Waterways and environs of Moonee Ponds Creek and Stony Creek
The environmental values of the Stony Creek and the Hyde Street reserve will be impacted by the off-ramp connecting the West Gate Freeway to Hyde Street proposed by the WGTP, pictured below. The construction of the off-ramp and its associated piers are considered to impact the flow and hydrology of Stony Creek and its associated vegetation. The EES documentation contained alternatives for the Hyde Street ramp across Stony Creek and we advocated for these options to be pursued.
The WGTP proposes to widen the CityLink crossing of Moonee Ponds Creek, with the addition of new on and off ramps. The ecological value of the Moonee Ponds Creek corridor will be compromised by this extended structure which will see more of this section of the creek under permanent shade, impacting on the natural heritage values of the site. While recognising that existing infrastructure already exists across the Moonee Ponds Creek, NTAV has concerns regarding this additional infrastructure which will impact on the City of Melbourne’s intentions to rejuvenate its ecological values in the future.
Westbound southern and northern portal ventilation structure
Portal and ventilation structures are proposed at each end of the tunnel component of the project. These are substantial built structures, with a height in excess of 50m and length of 200m. The scale and height of these portals will form a significant landmark dominating the surrounding landscapes of the Bradmill industrial site and the Yarraville Gardens. We submitted that the size and scale of the portal structures be reconsidered to account for the heritage values of the surrounding landscape and its residential setting.

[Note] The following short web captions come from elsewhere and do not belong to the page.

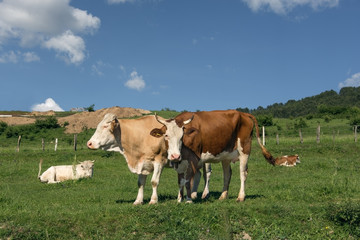 Milk cows on pastures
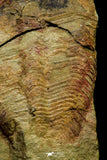 21059 - Top Rare Harpides sp Lower Ordovician Trilobite Fezouata Fm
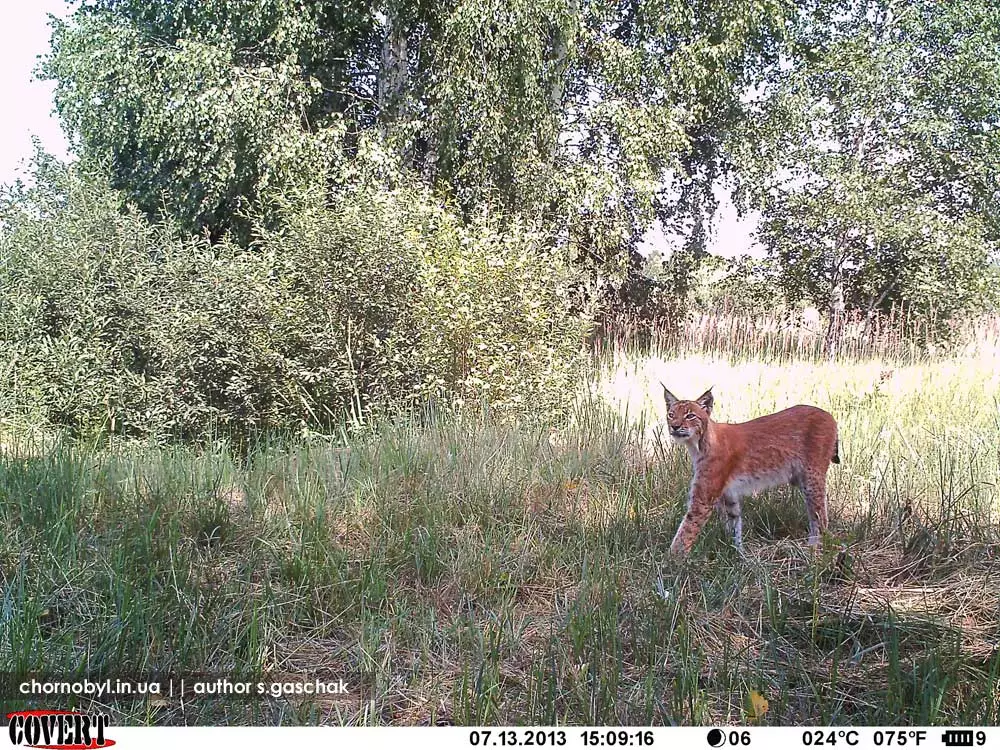 rys-dvizenie-foto.webp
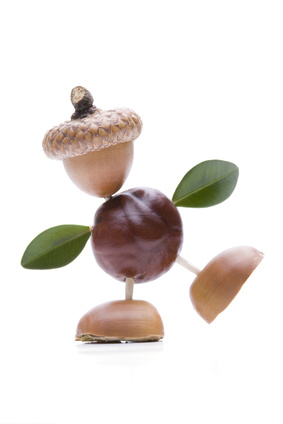 Ein Basteltag mit Kastanien, Haselnüssen und Eicheln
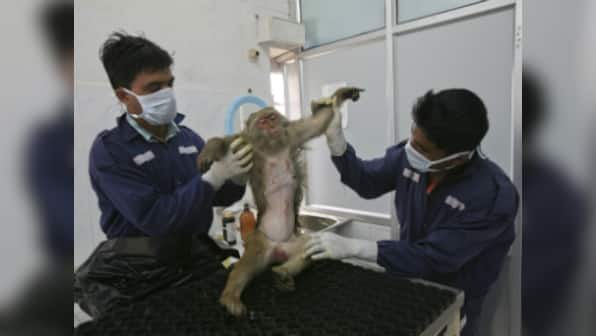 Veterinary education and practices in India are in dire need of change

We maintain concerns regarding impacts on the Yarraville Gardens (HO138, City of Maribyrnong) including tree removal, groundwater drawdown and extent of nearby built infrastructure associated with the WGTP. The Yarraville Gardens are locally significant as the earliest surviving public garden in the municipality and contain a significant collection of mature trees. The combined visual impact of the portal, raised shared path and associated freeway infrastructure on the Yarraville Gardens will have a significant impact on the heritage values of the gardens. This impact is made more problematic given the scarcity of such values elsewhere in the municipality.
Maribyrnong River crossing
We have serious concerns that the WGTP proposed Maribyrnong River crossing adversely impacts upon the heritage significance and context of the Maribyrnong River, including view-lines and the associations of built heritage with the river environment. The height and scale of these bridges has an impact the river association and built context of several heritage buildings on the west side of the river. These buildings include the Barnett Glass Rubber factory (HO78, Maribyrnong City Council) and the Mowling’s Soap & Candle works (HO178, Maribyrnong City Council). The context of these buildings in relation to the Maribyrnong River and the surrounding urban environment will be permanently disrupted by the proposed bridges which overshadow the scale of these buildings. This would have an unreasonable impact on the Maribyrnong River context, view-lines and historical connections to the development of the city, and we submitted that detailed design and siting for these bridges should be reconsidered to mitigate these concerns, and in so doing be more responsive to the significance of the river environment.
An independent Inquiry and Advisory Committee (IAC) has been appointed to consider the EES and public submissions. The IAC will conduct public hearings that are scheduled to begin on 14 August 2017.